(Given information begins)

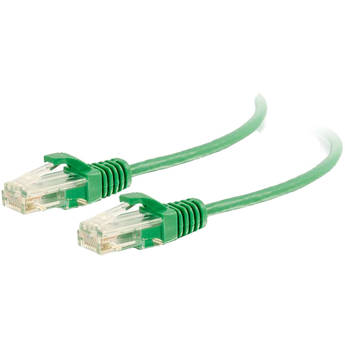 C2G RJ45 Male to RJ45 Male Slim Cat 6 Patch Cable (1', Green)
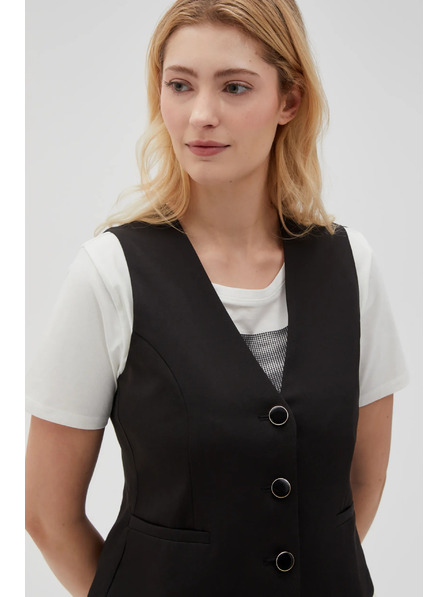 Moodo Černá společenská vesta Moodo
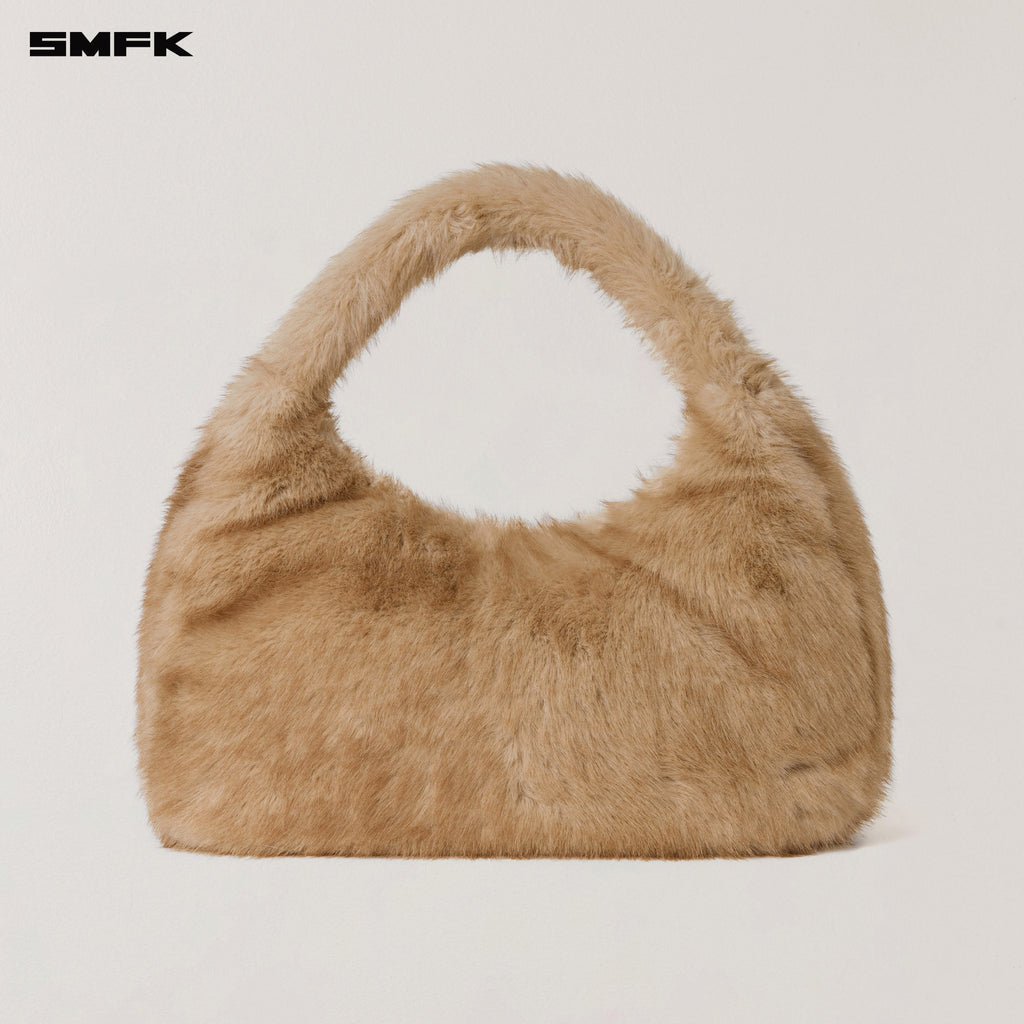 COMPASS COBBLE FURRY BAG/LARGE SAND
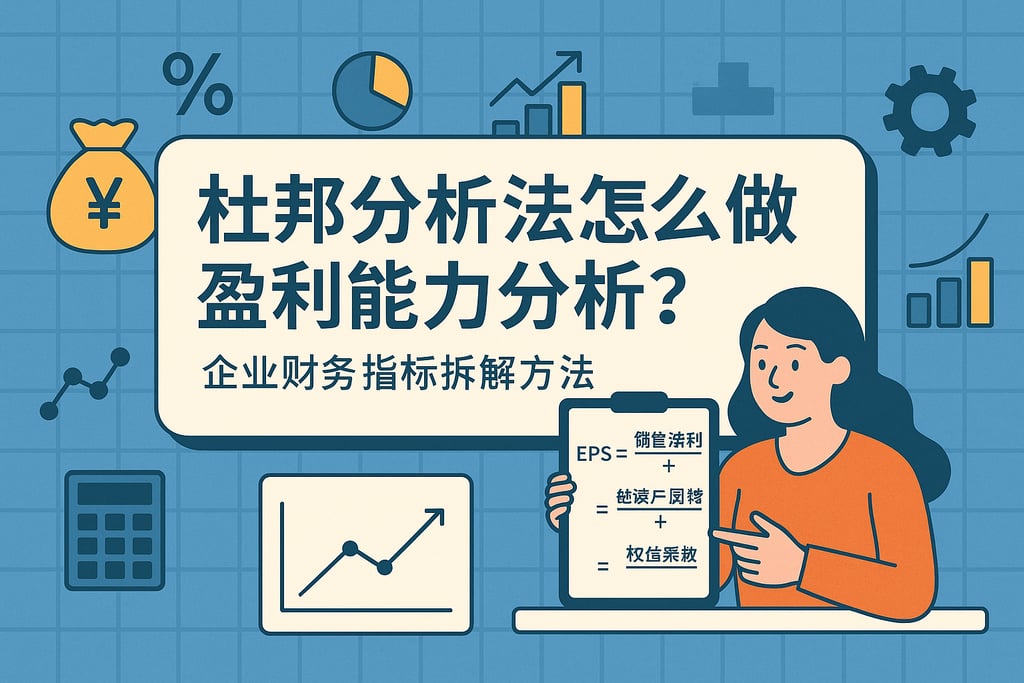 杜邦分析法怎么做盈利能力分析？企业财务指标拆解方法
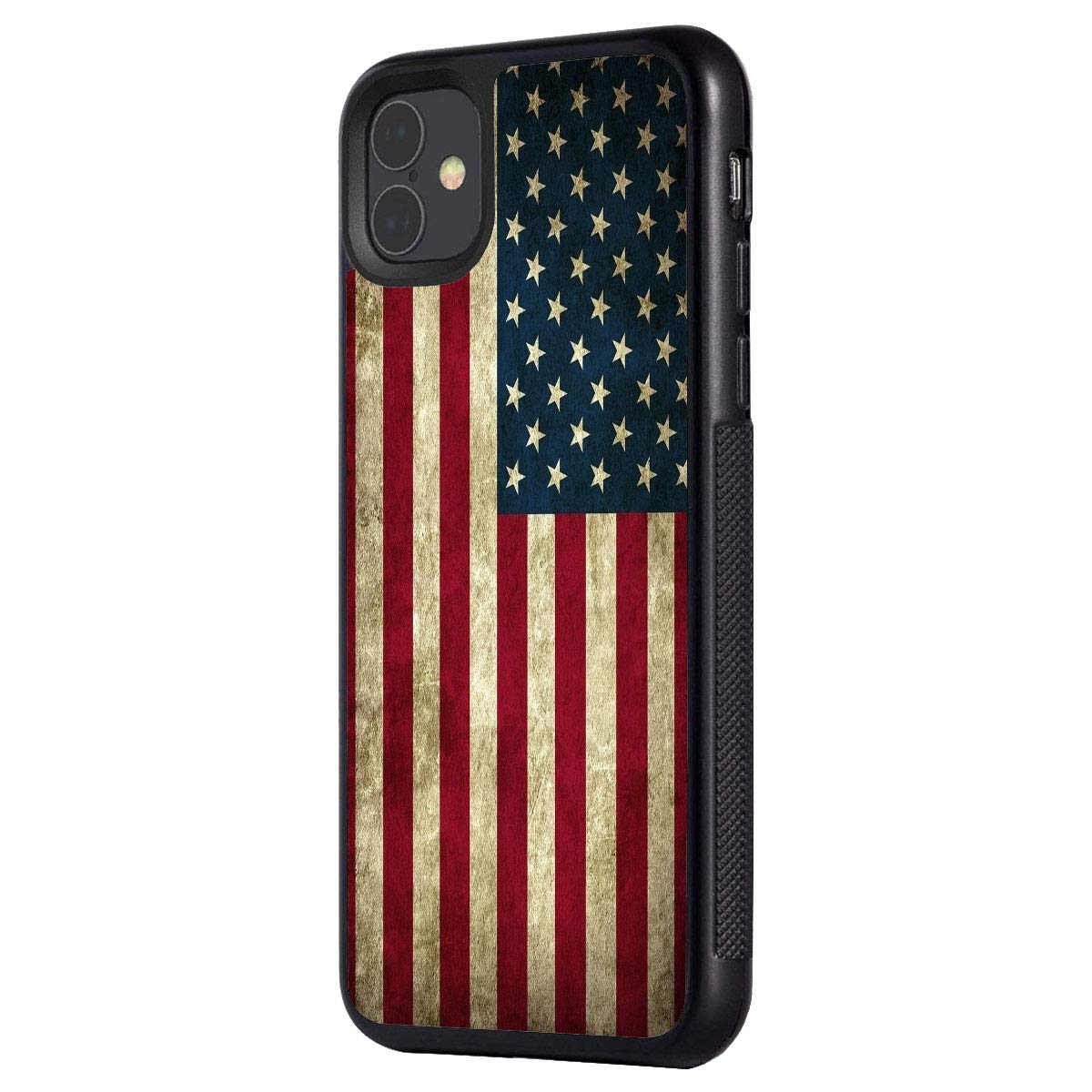 iPhone 11 Case,BOSLIVE Retro American Flag Background Design TPU Slim Anti-Scratch Protective Cover Case for iPhone 11 6.1 Inch (2019)
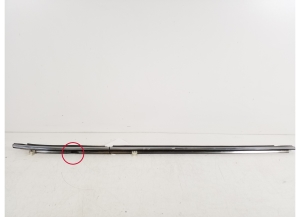 Rear side door outer window molding - 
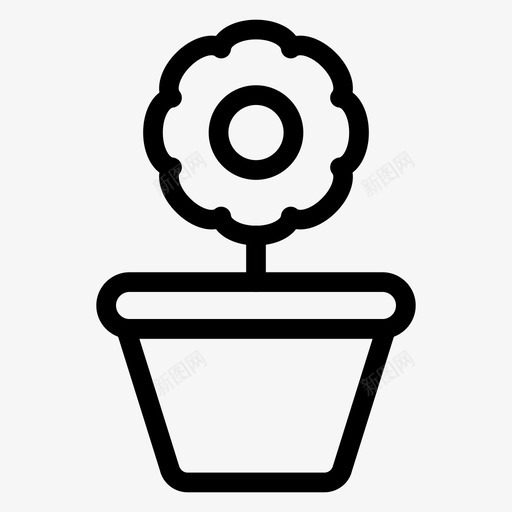 花卉商业成长svg_新图网 https://ixintu.com 花卉 商业 成长 自然 植物 办公 线图 图标 第一 一卷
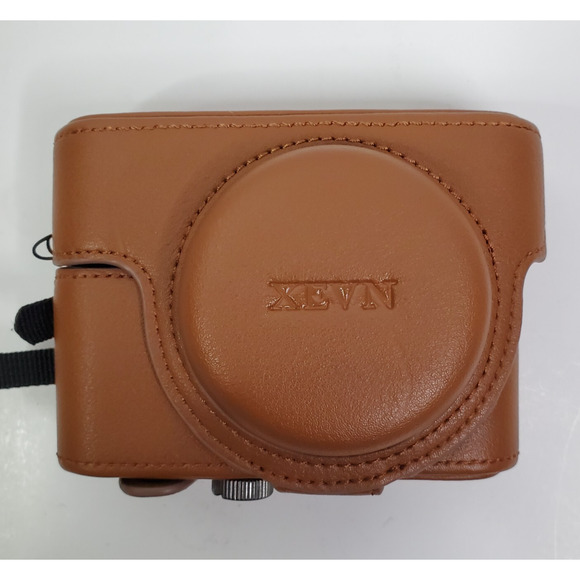 Xevn Other - XEVN 2 Part Tan Leather Camera Case for Sony rx100 Series Digital Cameras strap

(Given information ends)

Begin with the line containing "iPhone 11 Case,BOSLIVE" and end with the last line of the entries above. Copy those lines exactly, both ends included, and drop every picture.

• Task answer:
 iPhone 11 Case,BOSLIVE Retro American Flag Background Design TPU Slim Anti-Scratch Protective Cover Case for iPhone 11 6.1 Inch (2019)
 Rear side door outer window molding - 
 花卉商业成长svg_新图网 https://ixintu.com 花卉 商业 成长 自然 植物 办公 线图 图标 第一 一卷
 Xevn Other - XEVN 2 Part Tan Leather Camera Case for Sony rx100 Series Digital Cameras strap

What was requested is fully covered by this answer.